Kids' Lit Quiz logo
LATEST RESULT: Hawke's Bay Heat (NZ)
1st: Taradale Intermediate, Team 1
2nd: Puketapu School, Team 2
3rd: Havelock North Intermediate, Team 1
NEXT QUIZ: Victoria Heat (AUS)

Friday 26th April, 10am

Kingswood College, 355 Station St, Box Hill South VIC 3128, Australia

View on timetable...

A School Librarian's Experience

The Kids' Lit Quiz is an annual nationwide literature competition in New Zealand. Year 7 and 8 students compete in teams of four against other schools in their region, and the winners take part in the national finals, held during the Storylines Festival of New Zealand Children's Writers and Illustrators. My school, Liston College, had entered for the first time in 2002. Rather disappointingly, we were only middle of the field. This year, we determined to be better. This year, we determined to be battle ready...

Liston College is a Year 7 - 13 Catholic boys' school located in Auckland, New Zealand. With approximately 200 Year 7 and 8 students, we decided to generate as much enthusiasm and involve as many boys as possible in the Quiz by holding class heats and competitions.

I think the key to reading success is enthusiasm. Very few students will enjoy reading if you tell them they must, that it's good for them. Treat them as intelligent beings, enthuse about books you like, and let them decide that they might be interested. Students are curious. Could they be missing out on something good, by not reading?

With seven classes in the Year 7-8 school, we organised two teams of four from each class. That's fifty-six students. The boys were a mixture. Some of them genuinely liked reading, some just wanted the limelight. Others thought it would be a good way to get out of class. I thought it was great. It didn't matter what their reasons were. We gave the teams fierce warrior names, such as the Crusaders or the Eagles, and rostered them into a round robin competition for a literary battle.

Students would face up against each other during form-time. Their classes clamoured to be the chosen audience. The library where the competition was held had only a limited capacity, so to be audience was a sought after reward.

At first, the teams thought it a bit of a joke, answering questions about books (!), but then the competitive spirit kicked in.
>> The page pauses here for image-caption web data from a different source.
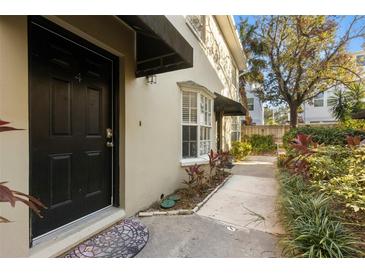 Inviting condo exterior featuring a private entrance, landscaped walkway, and lush greenery at 409 S Audubon Ave # 9, Tampa, FL 33609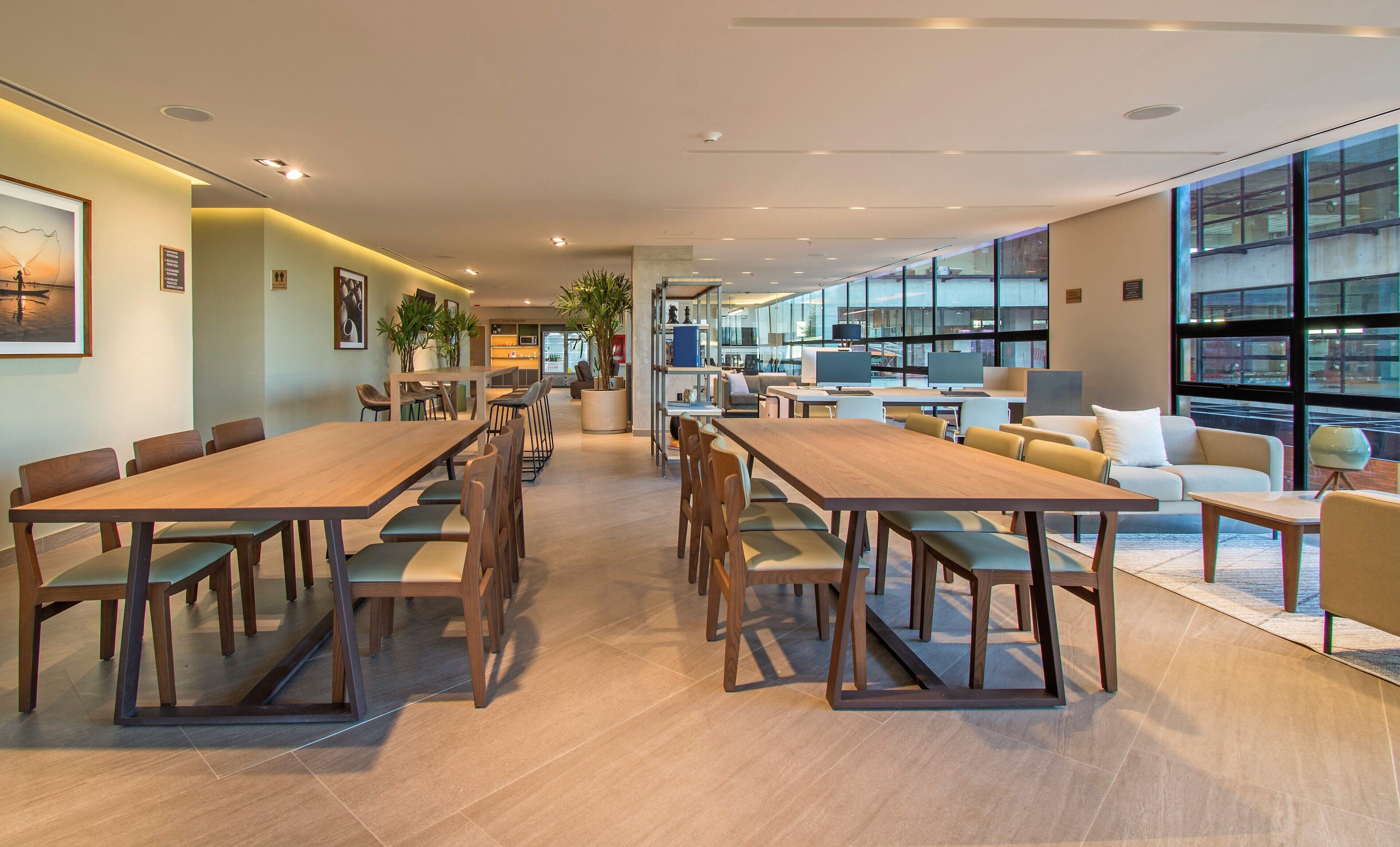 Un vaste espace de salle à manger moderne, doté de longues tables et de chaises en bois, d’un coin cuisine équipé d’appareils électroménagers modernes et de grandes fenêtres offrant une vue sur la ville.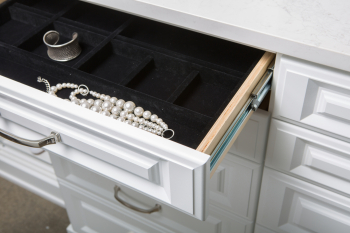 White Raised Panel Walk-in Closet Portland and Lake Oswego. Island with marble top. Glass display case with LED lighting along the sides. Birch dovetail drawers. Pull out jewelry tray organizers and wire laundry baskets.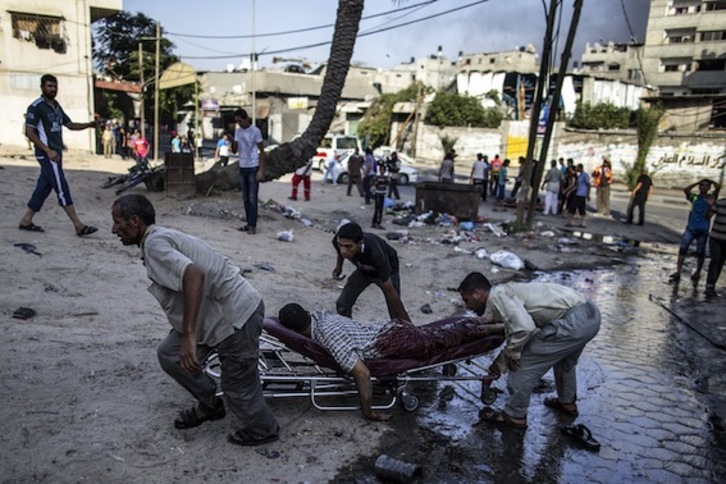 Vecinos de Gaza trasladan a uno de los heridos por el Ejército israelí. (Marco LONGARI/AFP PHOTO)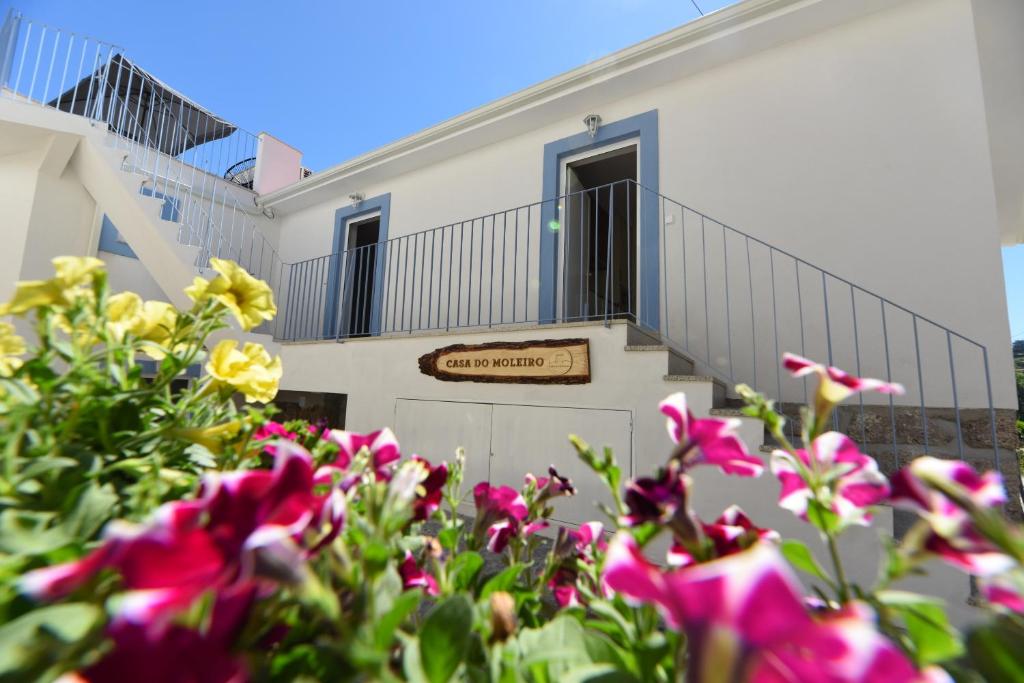 Casa do Moleiro في أمارانتي: مبنى أبيض أمامه زهور أرجوانية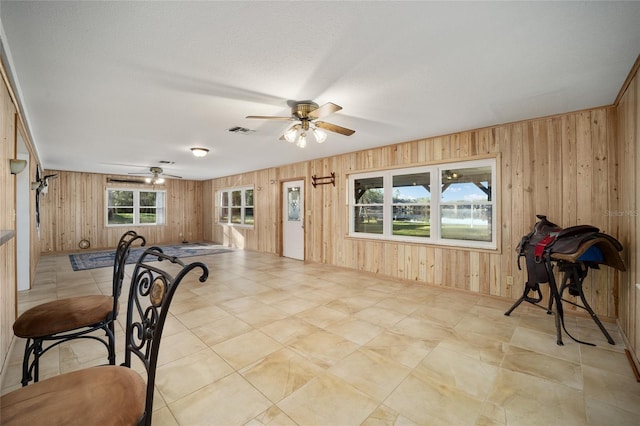 dining room featuring a textured ceiling, ceiling fan, and wooden walls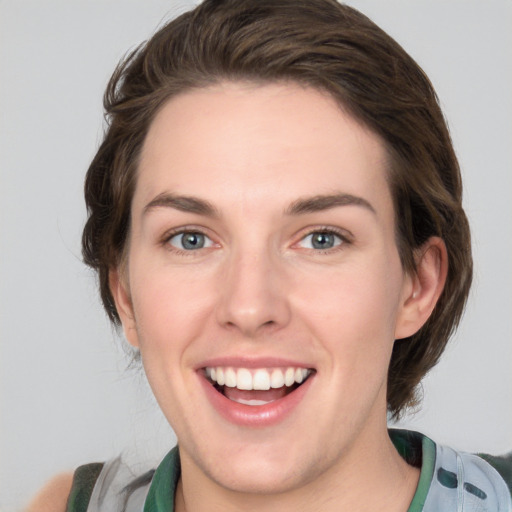 Joyful white young-adult female with medium  brown hair and green eyes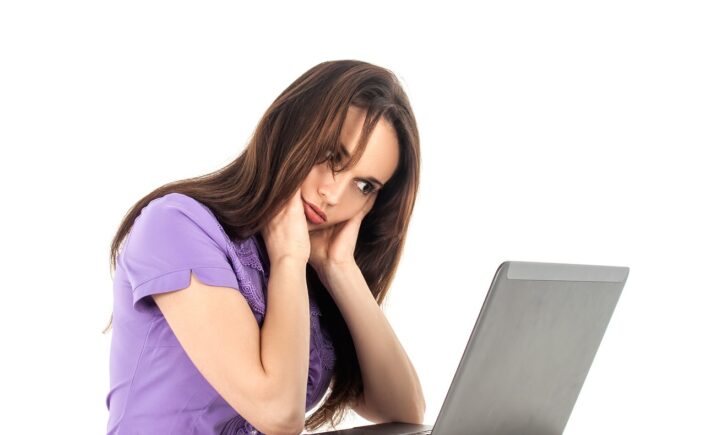 Image of girl being very tired at the computer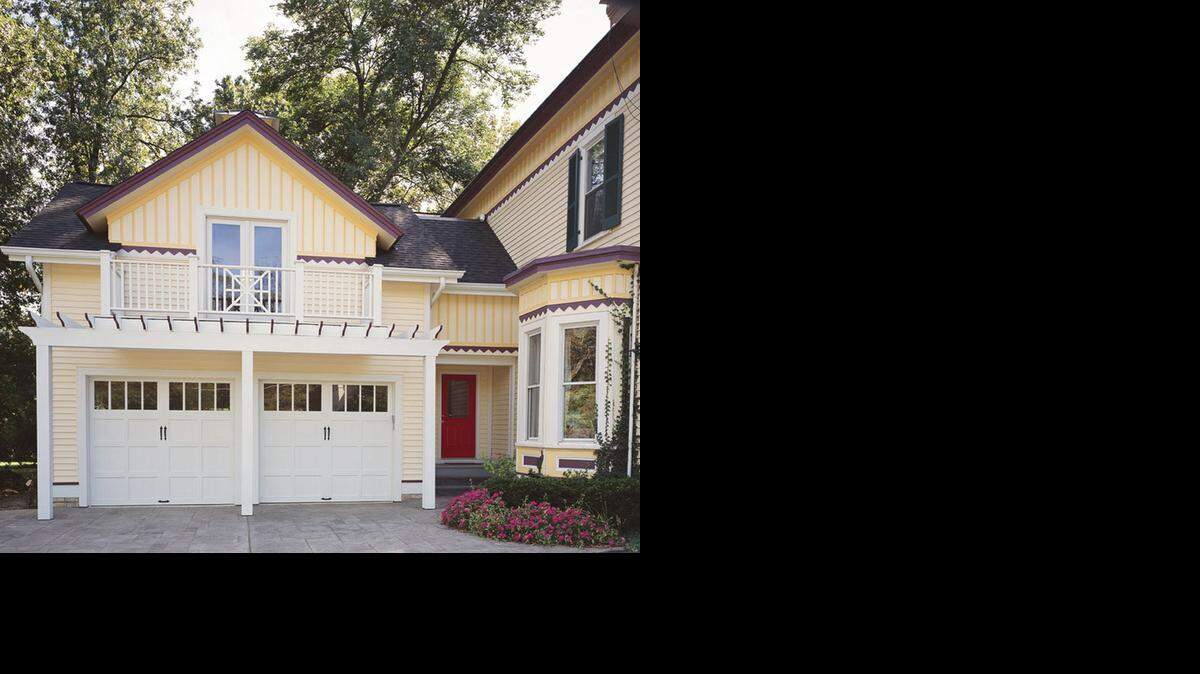 Carriage-house garage doors manufactured by Clopay are an extension of the house’s architecture. Black metal pulls are the finishing touch on these garage doors, which still work like conventional sectional overhead doors by rolling up and down.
Hey, how could those students be beating them? Why did the audience seem to know all the answers? The team members blinked, rolled up their metaphorical sleeves and waded into battle.

Library borrowing increased. As librarian, I was bombarded with queries on good books to read. Their classmates gazed with awe and offered to take the place of any team member who had the misfortune to be absent. Impromptu war dances were done by the winning teams of each session, and students rushed to see the results as they were posted on the library door.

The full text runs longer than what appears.